How to do text classification with Javascript

Text classification and machine learning with Javascript: Natural.js, Brain.js, TensorFlow.js.

A few months ago I tried to find information about doing some natural language processing with Javascript. There was not much of it. Most of the time, I stumbled upon tutorials on how to do so in Python. I'm writing this article in the hope to help someone do the same with Javascript. At least, try to. Javascript ecosystem is large, yet machine learning is mostly done in Python. For some custom(complicated) cases, you maybe will decide not to use Javascript. I'll explain why you may do so.

I want to point out that I'm not a machine learning engineer. I'll cover simple cases with no deep explanations of the underlying algorithms.

There are manageable cases when you may try JS packages that do the classification. In some others, and if you understand ML concepts, you may create custom models using TensorFlow.js.
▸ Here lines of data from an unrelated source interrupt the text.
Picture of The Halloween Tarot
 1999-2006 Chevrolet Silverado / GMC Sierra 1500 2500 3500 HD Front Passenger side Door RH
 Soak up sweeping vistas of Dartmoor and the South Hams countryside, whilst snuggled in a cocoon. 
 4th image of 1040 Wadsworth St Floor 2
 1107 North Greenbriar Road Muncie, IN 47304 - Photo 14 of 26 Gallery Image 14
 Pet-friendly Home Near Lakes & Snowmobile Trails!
My case seemed simple. I wanted to classify potential business problems(opportunities) for my Reddit advanced search tool. I'll tell you soon how it went, once we cover the tools. Let's start with simple cases.

Natural.js

It's a package for Node.js that helps deal with natural language. It has many useful built-in helpers. For example, it can do a sentiment analysis from the box and without any setup. Let's install it:

$ npm install --save natural
Easy sentiment analysis, right?
const { SentimentAnalyzer, PorterStemmer } = require('natural');

const analyzer = new SentimentAnalyzer("English", PorterStemmer, "afinn");
const result = analyzer.getSentiment(["I", "love", "cakes"]);

console.log(result); // 0.66
// values greater than 0 indicate a positive sentiment
// values smaller than 0 indicate a negative sentiment

Yes, it's easy. PorterStemmer is a transformation function that converts words to theirs stems. To their original form, simply put. We pass an array of words to getSentiment function, but we may use built-in tokenizers to do so automatically.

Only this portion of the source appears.